A Sketch of Minnewaukon
“As the Pacific ocean stretched out before the astonished gaze of Pizarro, or the grand Mississippi, robed in stately pride, before DeSoto, so Spirit Lake, sleeping beneath her pearly robes, first greeted our vision. Although not able to cope with her larger prototype, the ocean, in point of sublimity, this beautiful sheet of water possesses natural charms seldom equaled. Lying, as it does, surrounded by gently undulating hills and skirted with beautiful groves, to the approaching traveler it presents the appearance of a fleecy cloud floating in a somber sky, forming a picture on which the imagination loves to dwell and which might furnish an ample theme for a poet’s pen or painter’s pencil. ”
“This is Spirit Lake in winter.
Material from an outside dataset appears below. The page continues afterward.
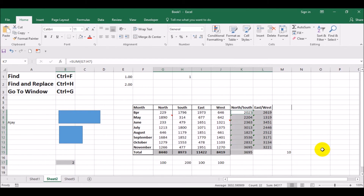You can just select this option and highlight those cells which are containing formulas, so that the user gets the benefit out of it.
If she is capable of presenting so many attractions under unfavorable circumstances, what may be her charms when freed from the embrace of the ‘Ice King of the North’ by the balmy breath of the smiling liberator, Spring? When she shall have put on her beautiful garments, her skirts of living green embroidered with flowers of the prairies; when her bosom gently heaves when kissed by the loving south wind, and her blue eye reflects the dancing sunbeam? Then she will appear like a precious sapphire in an emerald setting. While Burns was immortalizing Bonnie Doon, Schiller the Rhine, and Pope the Thames, Spirit Lake echoed only the cry of the red man, and the foot of a Longfellow had not yet trodden our western wilds.”
Hoover, Harris. The Tragedy of Okoboji in Annals of Iowa. Vol. 5, No. 1. (April, 1901), 14-26.